Kubernetes Restore

Introduction

Restoring Kubernetes resources is a critical skill for any Kubernetes administrator. No matter how stable your cluster is, you'll eventually face situations where you need to recover from data loss, configuration errors, or cluster failures. This guide will walk you through the concepts, tools, and techniques for effectively restoring Kubernetes resources from backups.

Understanding Kubernetes Restore

Kubernetes restore is the process of recreating resources and applications in a Kubernetes cluster using previously saved backup data. A proper restore strategy is essential for:

Recovering from accidental deletions
Migrating to new clusters
Rollback after failed upgrades
Disaster recovery scenarios
Meeting compliance and business continuity requirements

Prerequisites

Before diving into restore operations, make sure you have:

Access to your Kubernetes cluster with appropriate permissions
Previously created backups of your resources
Knowledge of your cluster's configuration
Backup/restore tools installed (we'll cover several options)

Basic Restore Concepts

What Can Be Restored?

In Kubernetes, you can restore:

Cluster state - API objects like deployments, services, and configmaps
Application data - Persistent volumes and their contents
Etcd data - The underlying database storing all cluster information
Custom resources - CRDs and their instances

Restore Approaches

Restoring Individual Resources

The simplest form of restore is recreating individual resources from stored manifests.

Using kubectl apply

If you've saved your resource definitions as YAML or JSON files, you can restore them using kubectl apply:

# Restore a single resource
kubectl apply -f deployment-backup.yaml

# Restore multiple resources
kubectl apply -f backup-directory/

# Restore an entire namespace
kubectl apply -f namespace-backup/ -n my-namespace

Example output:

deployment.apps/nginx-deployment created
service/nginx-service created
configmap/nginx-config created

Restoring from etcd Snapshots

For more critical scenarios, you might need to restore the entire etcd database:

# Stop the API server
sudo systemctl stop kube-apiserver

# Restore etcd from snapshot
ETCDCTL_API=3 etcdctl snapshot restore snapshot.db \
  --data-dir=/var/lib/etcd-restore \
  --initial-cluster="master-1=https://192.168.1.10:2380" \
  --initial-cluster-token="etcd-cluster" \
  --initial-advertise-peer-urls="https://192.168.1.10:2380"

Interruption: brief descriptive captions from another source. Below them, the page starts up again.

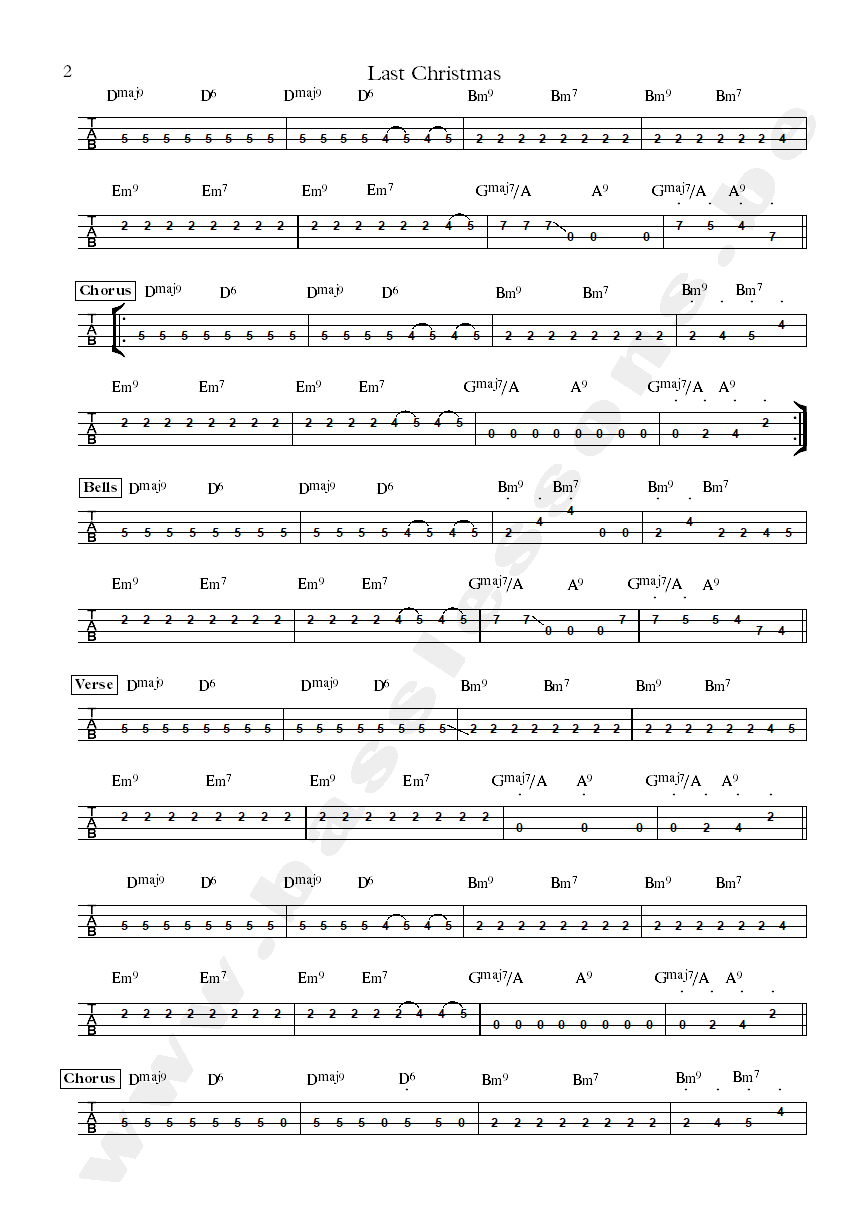 Wham last christmas bass tab deon estus part 2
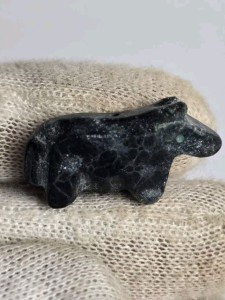 Rare 20th Century Black Stone Inuit Dog Carving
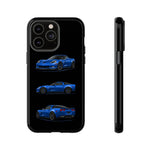 Blue C6 Z06 Phone Case, Three-View Vector Cover, Gift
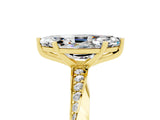 Yellow gold Marquise Cut Moissanite Engagement Ring with Side Stone Accents and Four-Prong Setting_32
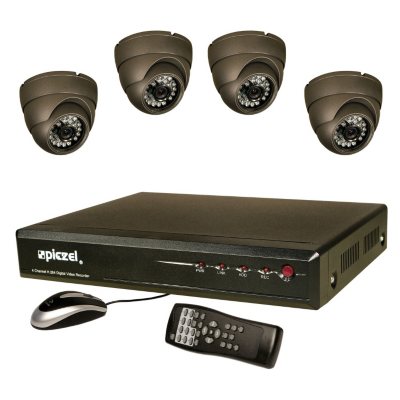 Piczel 7204  4 Channel Surveillance System with H.264 Codec DVR, 500GB HDD, 4 CCD IR Turret Dome Cameras, and Cables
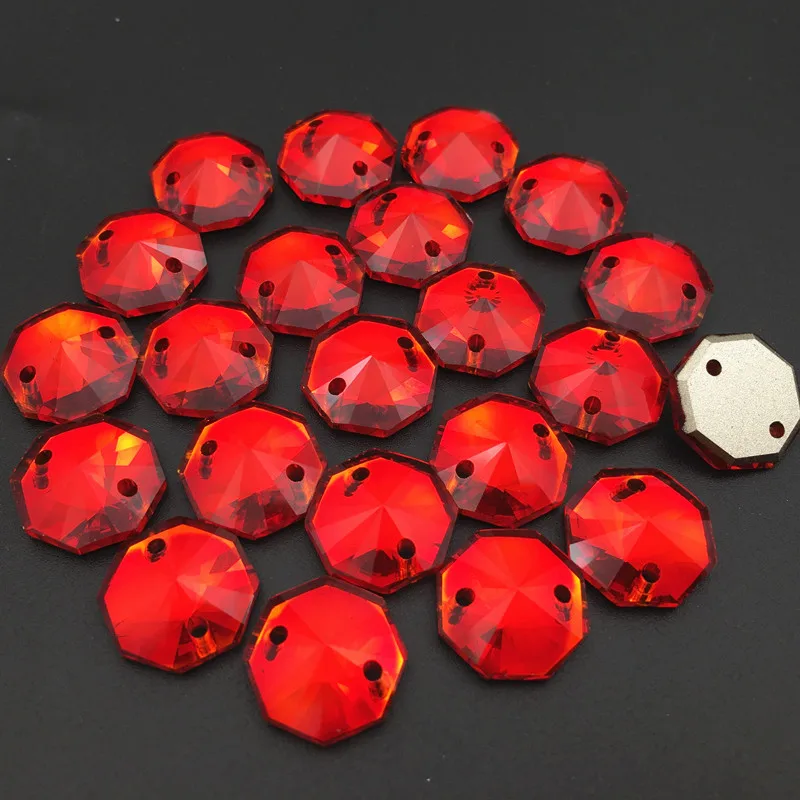 14mm 28 pcs Round Octagon Sew On Stones Siam Red With 2 Holes Flatback Sewing Rhinestone For DIY Dress Jewelry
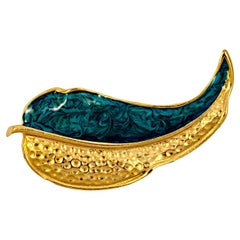 Retro Gold Plated and Teal Enamel Leaf Brooch circa 1980s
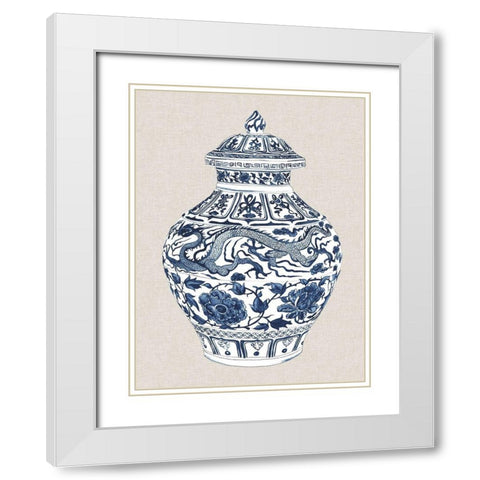 Antique Chinese Vase III White Modern Wood Framed Art Print with Double Matting by Wang, Melissa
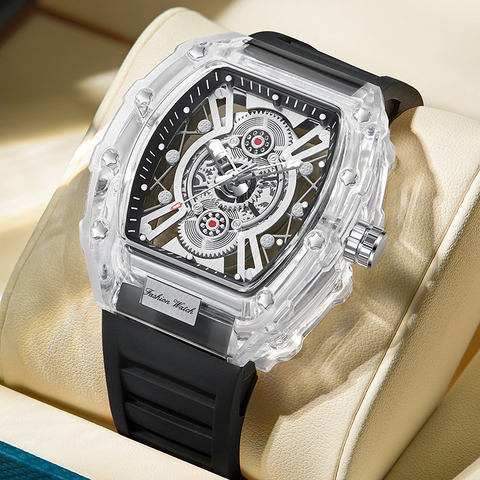 Carlophis K-2391B Ion Transparent Tonneau Watch - Men's & Monochromatic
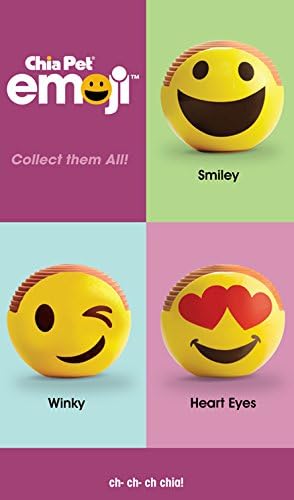 Chia Pet Emoji Winky with Seed Pack, Decorative Pottery Planter, Easy to Do and Fun to Grow, Novelty Gift, Perfect for Any Occasion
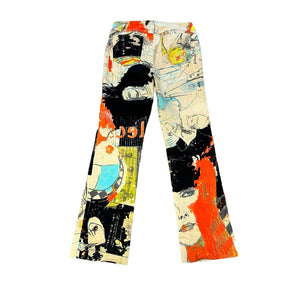 JUST CAVALLI Vintage Boots Cut Painting Pants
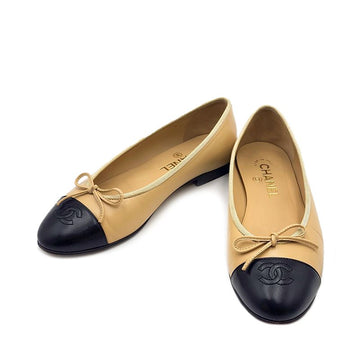 CHANEL Two-Tone Ballerina Flats Beige 37.5 158742036 [P]
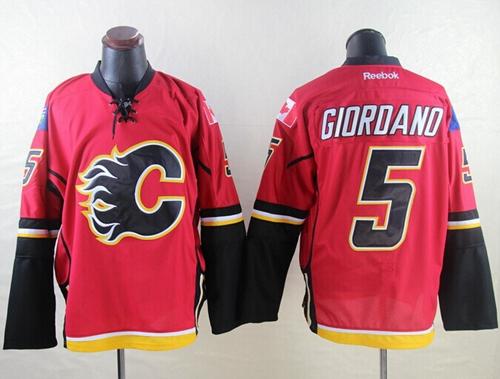 Flames #5 Mark Giordano Red Stitched Jersey - Zenithce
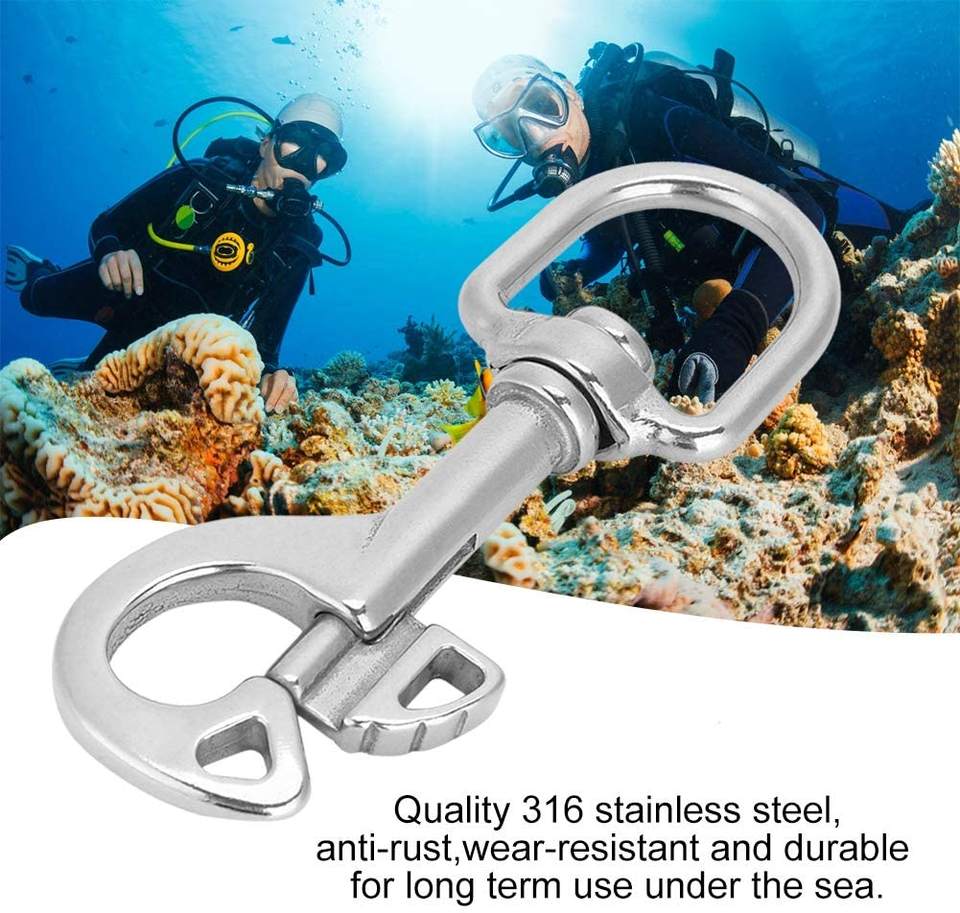 Rotary Dog Hook Diving Snap Bolt with 316 Stainless Steel Butterfly Single Swivel Eye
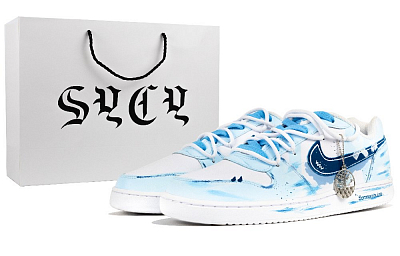 Nike EBERNON Low Top Skateboard Shoes Men's Sky Blue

# Update etcd configuration to use restored data
sudo mv /var/lib/etcd /var/lib/etcd.old
sudo mv /var/lib/etcd-restore /var/lib/etcd

# Restart etcd and API server
sudo systemctl restart etcd
sudo systemctl start kube-apiserver

Using Specialized Backup/Restore Tools

Several tools exist specifically for Kubernetes backup and restore operations.

Velero

Velero is one of the most popular Kubernetes backup/restore tools.

Installing Velero

# Install the client
brew install velero  # macOS
# OR
wget https://github.com/vmware-tanzu/velero/releases/download/v1.11.0/velero-v1.11.0-linux-amd64.tar.gz  # Linux

# Install Velero in your cluster (AWS example)
velero install \
  --provider aws \
  --plugins velero/velero-plugin-for-aws:v1.6.0 \
  --bucket velero-backups \
  --backup-location-config region=us-east-1 \
  --secret-file ./credentials-velero

Restoring with Velero

# List available backups
velero backup get

# Restore an entire backup
velero restore create --from-backup my-backup

# Restore specific resources
velero restore create --from-backup my-backup --include-resources deployments,services

# Restore to a different namespace
velero restore create --from-backup my-backup --namespace-mappings source-ns:destination-ns

Example output:

Restore request "my-backup-20230615133021" submitted successfully.
Run `velero restore describe my-backup-20230615133021` or `velero restore logs my-backup-20230615133021` for more details.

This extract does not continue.